Minimum Additional Roads

You are given a kingdom with n cities and m existing roads connecting some pairs of cities. In addition, there are k pivotal pairs of cities. A direct road must exist between each pivotal pair. If a pivotal pair is not directly connected by an existing road, a new road must be constructed. After ensuring all pivotal pairs have a direct road, the kingdom must also be fully connected (any city can be reached from any other city).

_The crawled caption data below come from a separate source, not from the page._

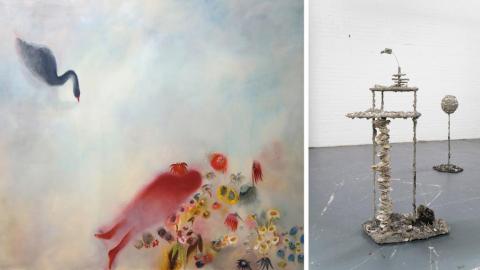  Left: Diane Chappalley, I cannot carry this body with me, it is too heavy, 2021, oil on flax, 170 x 220 cm Right: Anna Reading, Feeding Frenzy (part 3), 2020, Concrete, shells, sand, bitumen, wire, chip forks, gloves, board, metal, 128 x 70 x 45 cm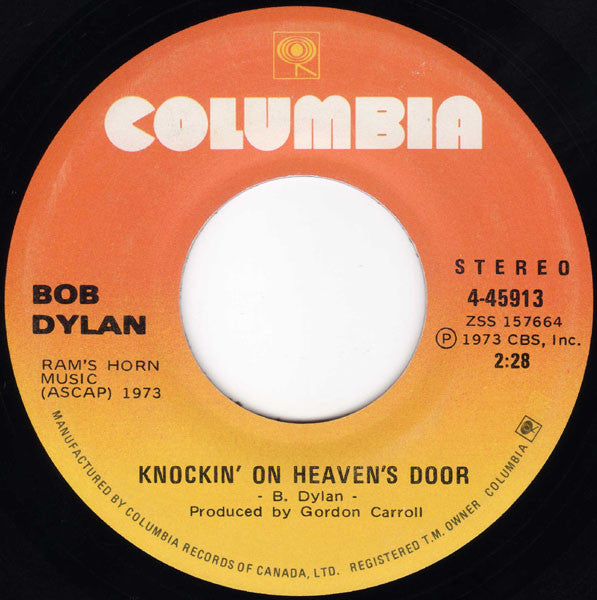 Bob Dylan : Knockin' On Heaven's Door / Turkey Chase (7", Single)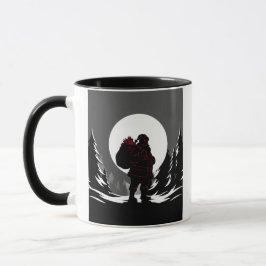 Santa Noir – Svart & Vit Tomte med Röd Glöd  Mugg
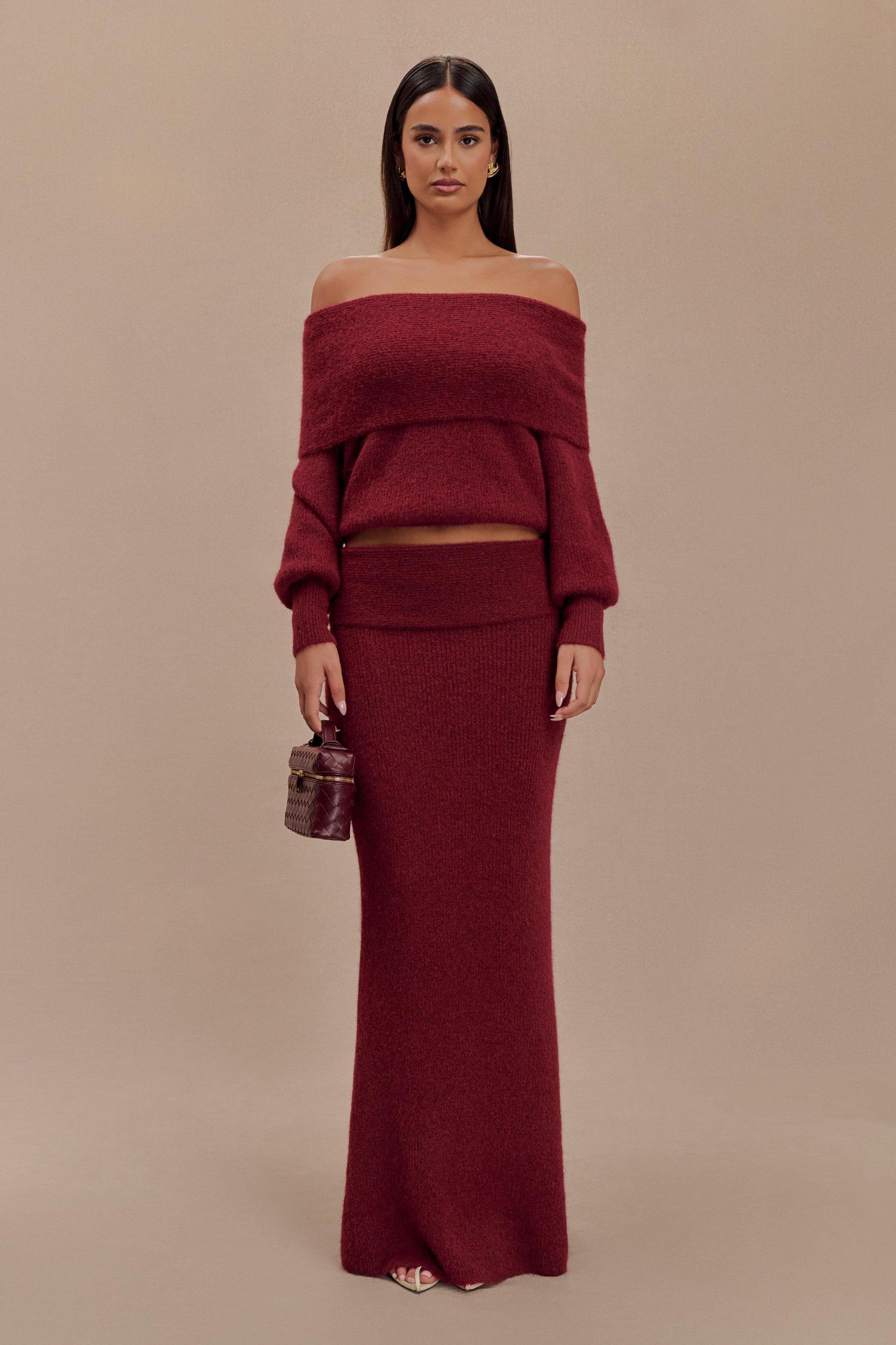 Charlotte Off Shoulder Knit Long Sleeve Top - Merlot Product Image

Your task is to determine the minimum number of additional roads required such that:

• For each pivotal pair (a, b), there is a direct road between city a and city b.
• The entire kingdom becomes connected.

The final answer is given by the formula:

$$answer = |P| + (C - 1)$$

where $$|P|$$ is the number of pivotal roads that needed to be added because they were missing, and C is the number of connected components in the graph after adding the pivotal roads.

inputFormat

The input is read from stdin and has the following format:

 n m k
 u1 v1
 u2 v2
 ...
 um vm
 a1 b1
 a2 b2
 ...
 ak bk

Where:

• n (integer): the number of cities, cities are labeled from 1 to n.
• m (integer): the number of existing roads.
• k (integer): the number of pivotal pairs.
• The next m lines each contain two integers u and v, representing an existing road between cities u and v.
• The following k lines each contain two integers a and b, representing a pivotal pair that must be directly connected.

outputFormat

The output should be written to stdout and is a single integer: the minimum number of additional roads required.

## sample

6 5 2
1 2
1 3
2 3
4 5
5 6
1 4
3 6

2